The group is led by a pair of billionaires, Israeli high-tech impresario Yossi Vardi and Palestinian “Duke of Nablus” Munib al-Masri, who made his first fortune in oil and gas, and now runs a holding company that owns hotels, mobile carriers and banks. Their goal is to leverage the collective clout of 300 business and civic leaders who signed on to the plan and persuade wary politicians to reach out for a two-state solution.
“We hear often of the extremists, but the majority is silent,” Vardi said. “We believe that most of the people want to get an end to this conflict.”
Masri told Kerry that the business leaders had pledged “not to enter into any joint economic commercial schemes that legitimize the occupation” of the Palestinian territories by Israel, raising immediate questions about how much room the Kerry economic package might have to grow.

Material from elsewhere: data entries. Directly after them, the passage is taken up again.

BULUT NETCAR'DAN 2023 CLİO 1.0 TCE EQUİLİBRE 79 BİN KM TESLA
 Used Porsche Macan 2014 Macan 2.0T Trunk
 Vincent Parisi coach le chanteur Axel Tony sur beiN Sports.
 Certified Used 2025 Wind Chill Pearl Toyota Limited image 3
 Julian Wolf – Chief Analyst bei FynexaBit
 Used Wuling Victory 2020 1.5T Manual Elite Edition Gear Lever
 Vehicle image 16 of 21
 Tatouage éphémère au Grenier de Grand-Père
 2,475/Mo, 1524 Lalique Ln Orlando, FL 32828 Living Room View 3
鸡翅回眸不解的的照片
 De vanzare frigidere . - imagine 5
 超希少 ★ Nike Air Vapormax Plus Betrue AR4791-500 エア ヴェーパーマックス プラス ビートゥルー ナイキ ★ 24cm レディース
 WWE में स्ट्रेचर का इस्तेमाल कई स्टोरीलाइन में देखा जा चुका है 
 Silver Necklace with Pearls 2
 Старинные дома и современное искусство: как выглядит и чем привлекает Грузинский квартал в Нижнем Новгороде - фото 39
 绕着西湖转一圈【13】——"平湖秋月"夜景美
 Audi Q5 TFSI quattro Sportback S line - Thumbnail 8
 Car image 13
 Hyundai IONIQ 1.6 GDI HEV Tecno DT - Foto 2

Pointing out that the business leaders who signed the initiative “are responsible for a substantial part of gross domestic product of both countries,” Masri said they wanted the two sides to enter into “real negotiations” now.
The International Monetary Fund this month said that economic conditions in the West Bank and Gaza Strip had worsened recently, and that about a quarter of the population was unemployed at the end of 2012.
“The economy is hobbled by persistent restrictions and increasing political uncertainty,” the IMF report said. “Urgent actions are needed — by the Palestinian Authority, by Israel, and by donors — to stabilize the fiscal position and rekindle economic growth.”
The World Bank estimates the GDP of the West Bank and Gaza Strip at $4 billion, or about $1,030 per person.
In March, the World Bank said the prolonged restrictions on Palestinians are causing lasting damage to Palestinian competitiveness. Agricultural productivity has dropped by roughly half since the late 1990s, and the manufacturing sector has largely stagnated, the report said.
“Palestinian institutions have the required capacity to exercise state functions, but Israeli-imposed economic restrictions continue to constrain sustainable economic growth,” the World Bank report said. “This situation is unlikely to change as long as political progress remains absent.”